By Georgia Parsonson
In 2020, COVID-19 brought to light the extraordinary toll social isolation and loneliness had upon people, regardless of age, gender, or physical wellbeing.
In the United States, the Centre for Disease Control (CDC) found that social isolation significantly increased an individual’s risk of death. Increased also an individual’s risk of dementia by 50%; the risk of heart disease by 29%; and the risk of stroke by 32%, and was related to higher levels of depression, anxiety, and suicide.
Last week, the State Government resolved to address social isolation and loneliness in Queensland communities through a parliamentary enquiry.
According to Queensland’s Minister of Communities, Leeanne Enoch, the COVID-19 pandemic had a significant impact on Queensland’s population, particularly on vulnerable people at the highest risk of social isolation and loneliness.
“In 2020, the Australian Bureau of Statistics reported that the personal stressor most experienced by Australians during the COVID-19 pandemic was loneliness,” Minister Enoch said.
“In fact, one in five Australians reported feelings of loneliness and social isolation as a result of the pandemic.
“That’s why during the 2020 election campaign, we committed to undertaking a Parliamentary Inquiry on social isolation and loneliness during the first 12 months of Government.
“I am proud to announce that we are delivering on this commitment, and in Parliament today, I referred this to the Parliamentary Community Support and Services Committee.”
The enquiry is targeted towards the causes and impacts of social isolation and loneliness and effective methods of combating these issues within Queensland communities.
In the wake of the COVID-19 pandemic, social isolation and loneliness have grown increasingly prevalent across the globe.
“We know that social isolation and loneliness have a significant impact on the physical and mental health and wellbeing of many people,” Minister Enoch said.
“Queenslanders such as seniors, people with disability and their carers, people with mental illness and young people are the most vulnerable to social isolation and loneliness.
“Everyone has a role to play in addressing social isolation and loneliness, including communities, governments, service providers and businesses, which is why we are providing opportunities for Queenslanders to provide input to this Parliament Inquiry.
“The Committee will also ensure that people who have been impacted by social isolation will be targeted for feedback into this Inquiry.
“All Queenslanders will also be able to have their say.”
The Council on the Ageing (COTA) Queensland has welcomed the enquiry.
Mark Tucker-Evans, COTA Queensland’s Chief Executive, has said that COVID-19 has emphasised the social isolation experienced by many members of the COTA Queensland community.
“Loneliness is a condition affecting many Queenslanders young and old and is leading to poorer physical and mental health outcomes,” he said.
“This Inquiry will look at both these separate yet related issues and should assist in building stronger social connections.”
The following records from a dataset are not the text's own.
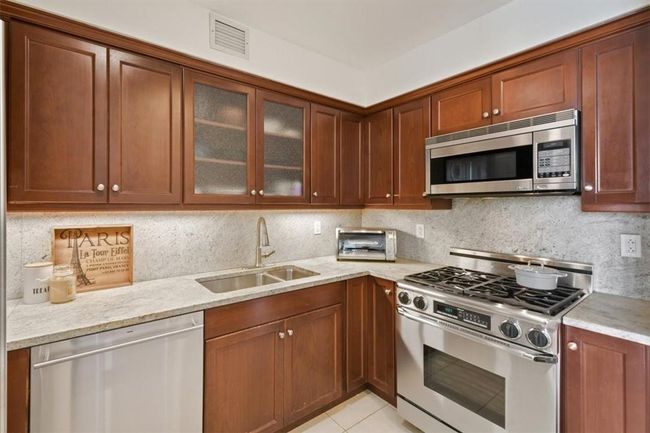 APT-17C - 10 City Pl, Condo with 2 bedrooms, 3 bathrooms and null parking in White Plains NY | Image 4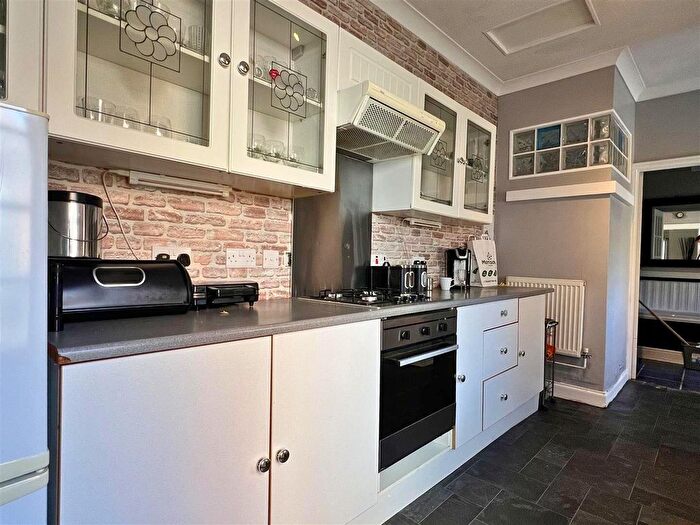 2 Bedroom Flat For Sale In Esplanade Road, Scarborough, YO11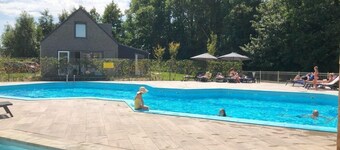 After a day at the beach or a visit to one of the villages or towns in the area, it is wonderful to come home to this 4-person chalet. Would you like to bring your dog? He is very welcome in this chalet!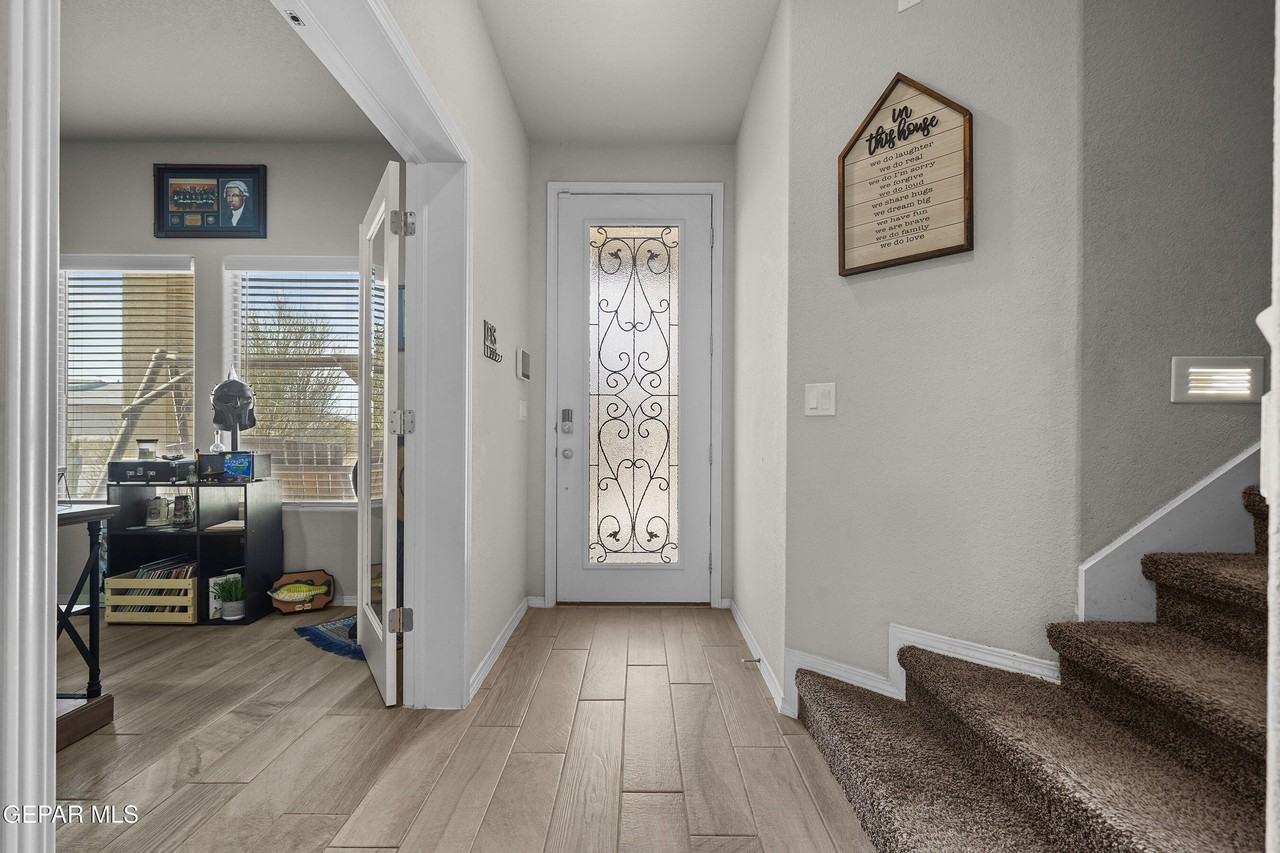 956 Clapham St - Photo 5 of 34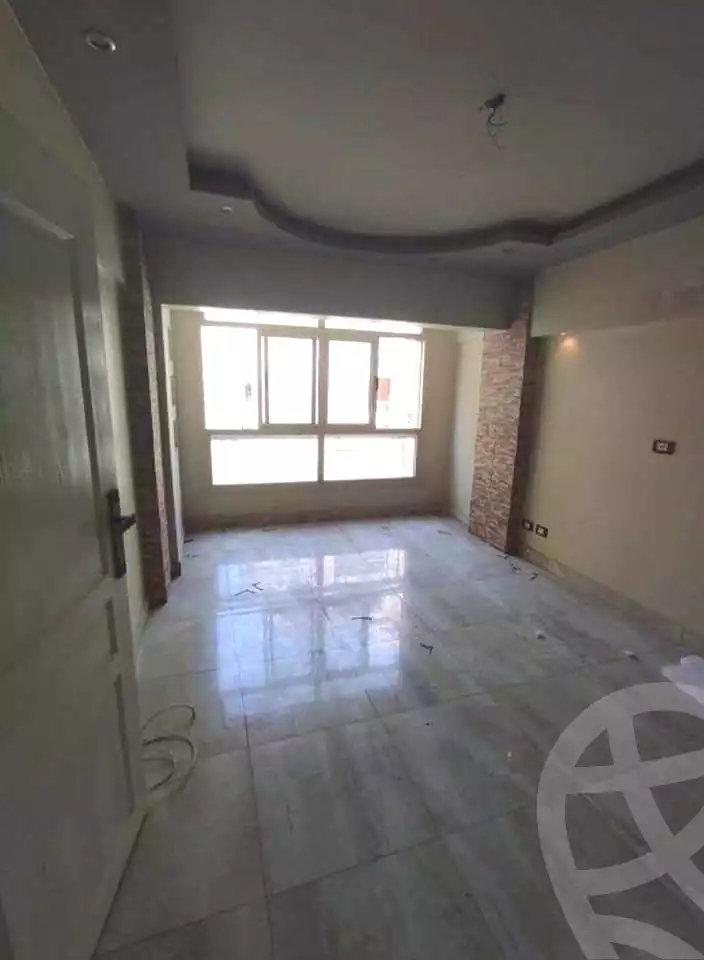 https://aqarmap.com.eg/ar/listing/7225354-for-rent-alexandria-moharram-bey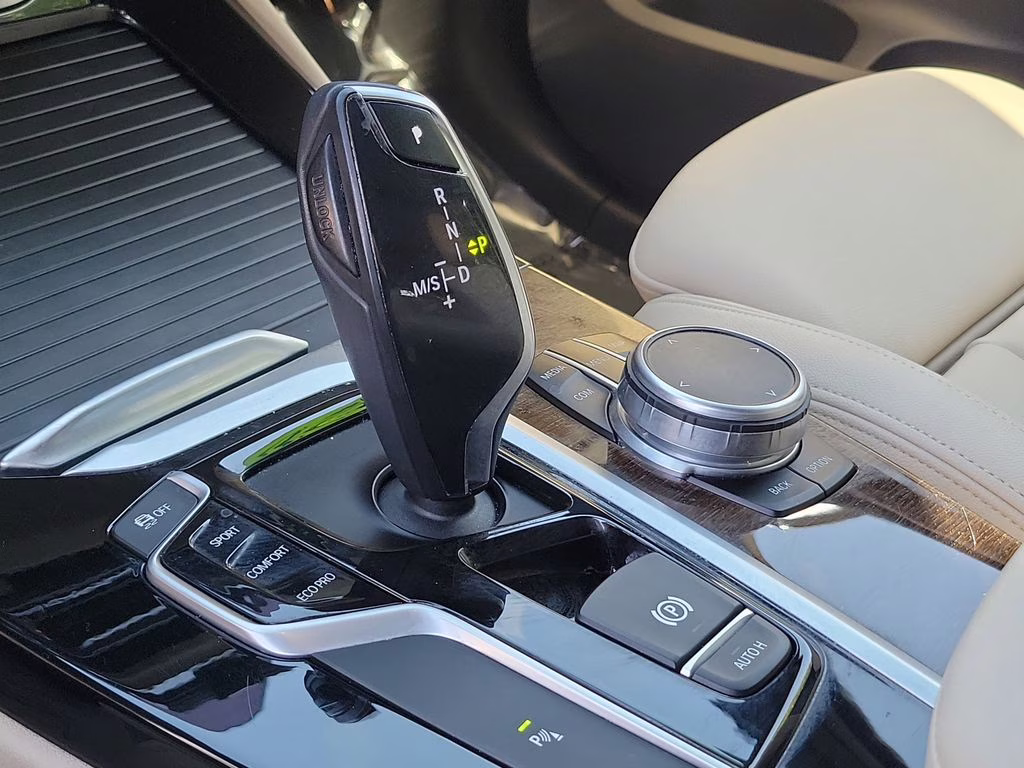 2019 Alpine White BMW X3 sDrive30i RWD SUV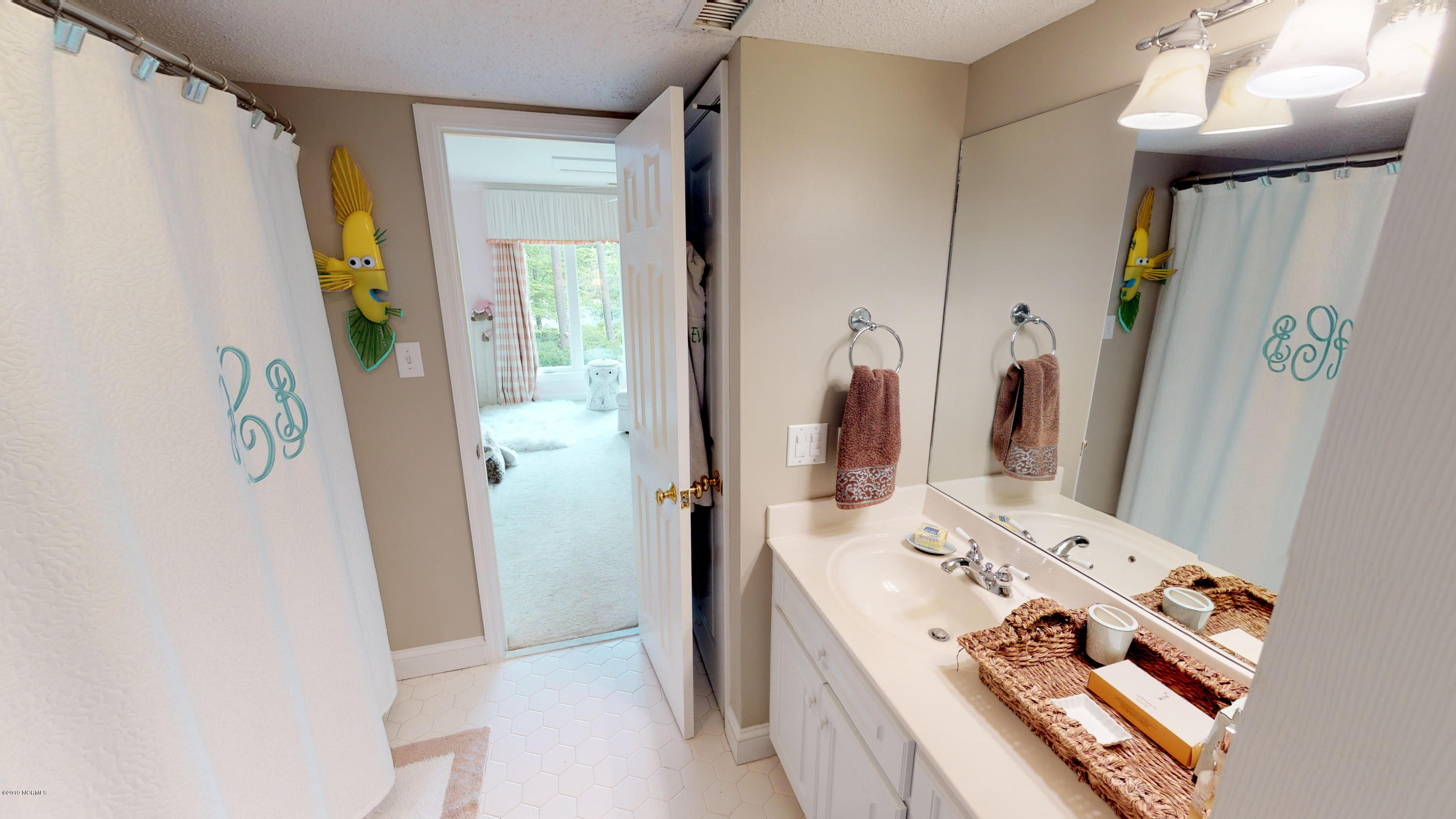 2436 Tram Road New Bern, NC 28562 - Photo 40 of 57 Jack & Jill Bathroom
According to Minister Enoch, the parliamentary enquiry is only one of many ways the Queensland Government is addressing these issues across the state.
“Through our Care Army, our network of more than 125 neighbourhood and community centres and other initiatives, we’ve been working hard to address social isolation in our communities,” she said.
“This Inquiry will further complement our work and aid us in developing and implementing a strategy to further address this issue.”
The Queensland Government’s parliamentary enquiry into Social Isolation and Loneliness is expected to be concluded by the 6th of December.